> [Activity]
An exact restatement of all the data is required, with the pictures left out.
### Task input ###
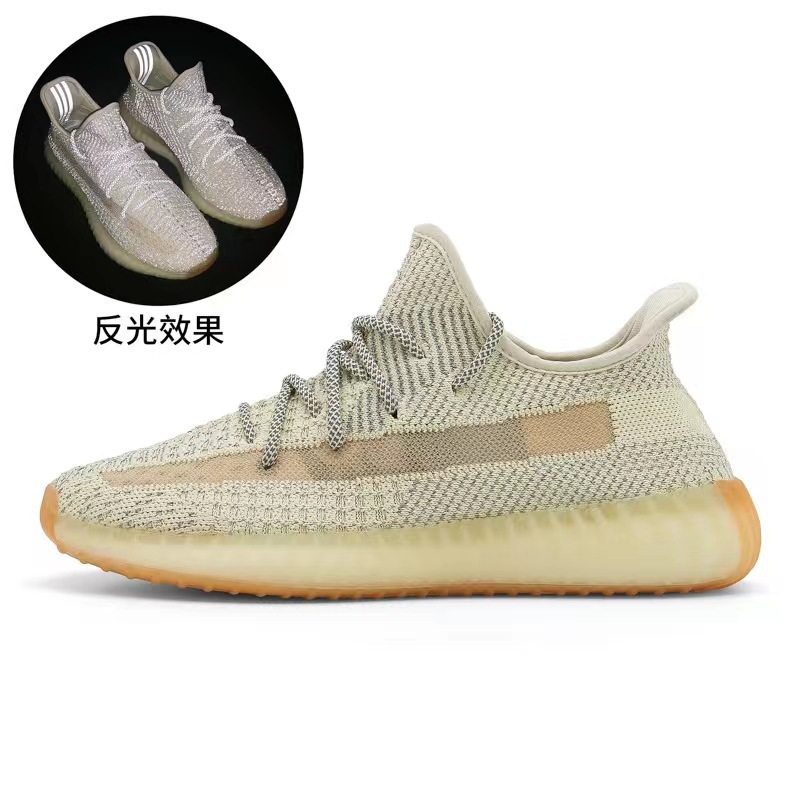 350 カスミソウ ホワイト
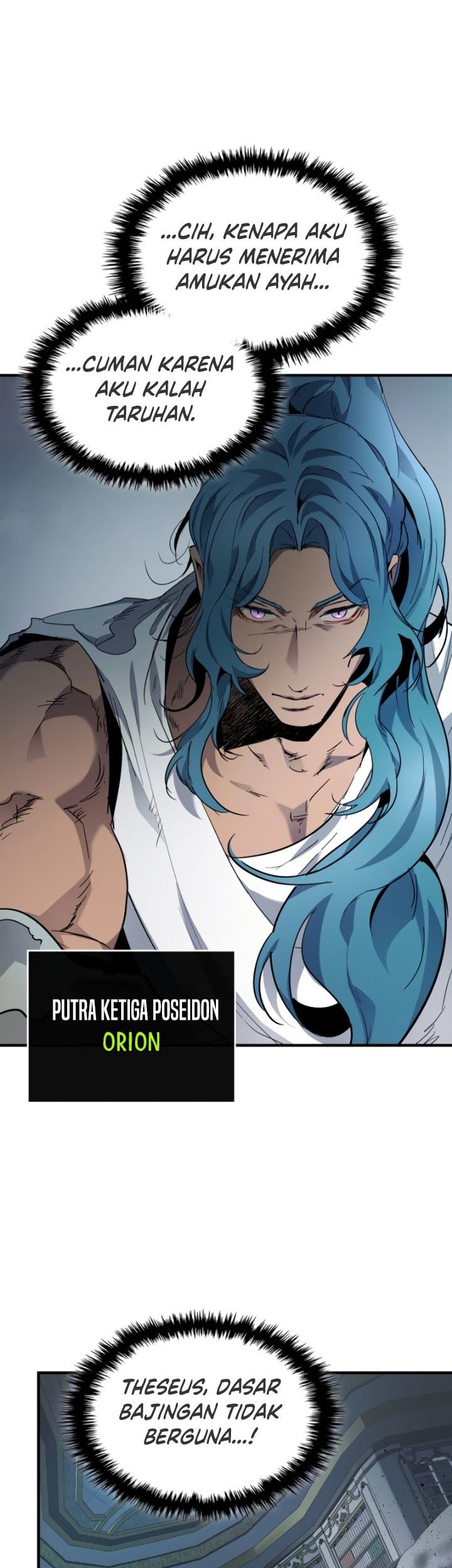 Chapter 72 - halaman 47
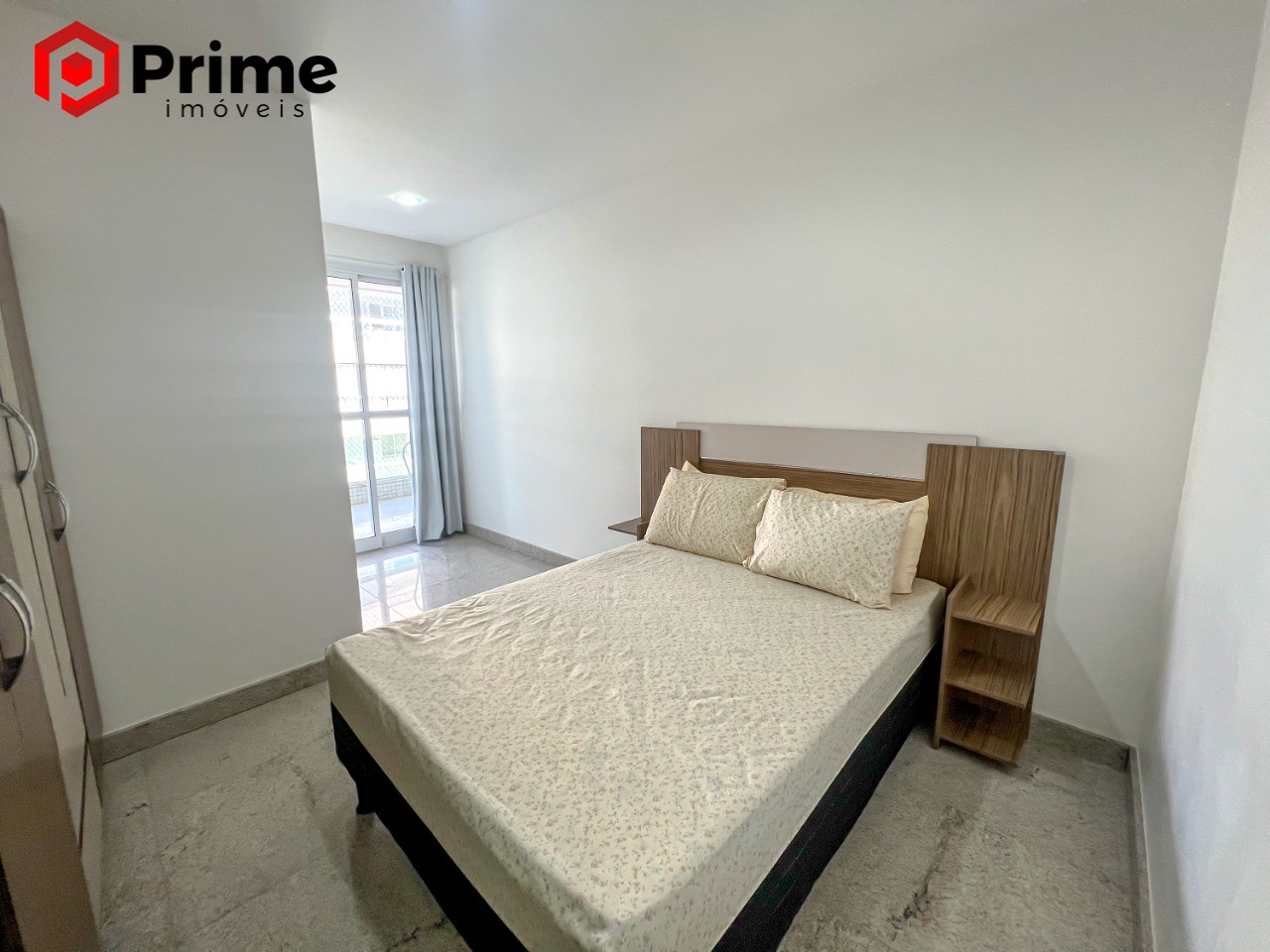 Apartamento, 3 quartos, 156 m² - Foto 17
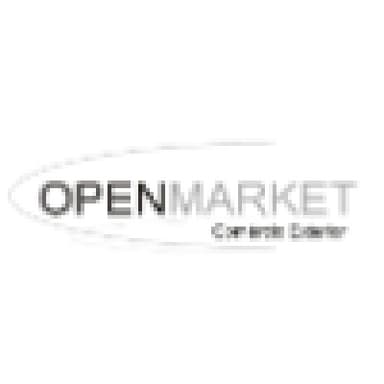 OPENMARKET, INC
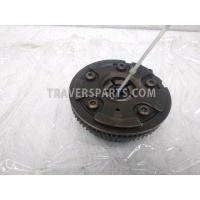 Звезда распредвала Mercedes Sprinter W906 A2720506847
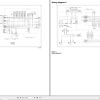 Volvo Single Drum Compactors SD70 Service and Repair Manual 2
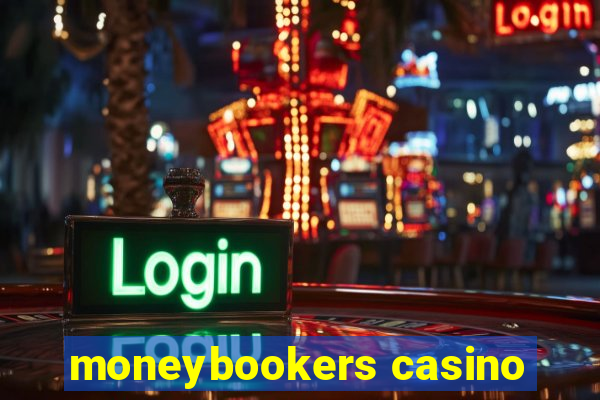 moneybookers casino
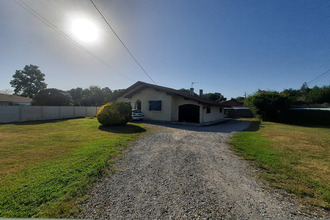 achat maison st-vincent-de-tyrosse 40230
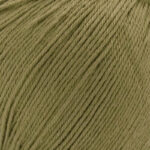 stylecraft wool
###
> [Answer box]
 350 カスミソウ ホワイト
 Chapter 72 - halaman 47
 Apartamento, 3 quartos, 156 m² - Foto 17
 OPENMARKET, INC
 Звезда распредвала Mercedes Sprinter W906 A2720506847
 Volvo Single Drum Compactors SD70 Service and Repair Manual 2
 moneybookers casino
 achat maison st-vincent-de-tyrosse 40230
 stylecraft wool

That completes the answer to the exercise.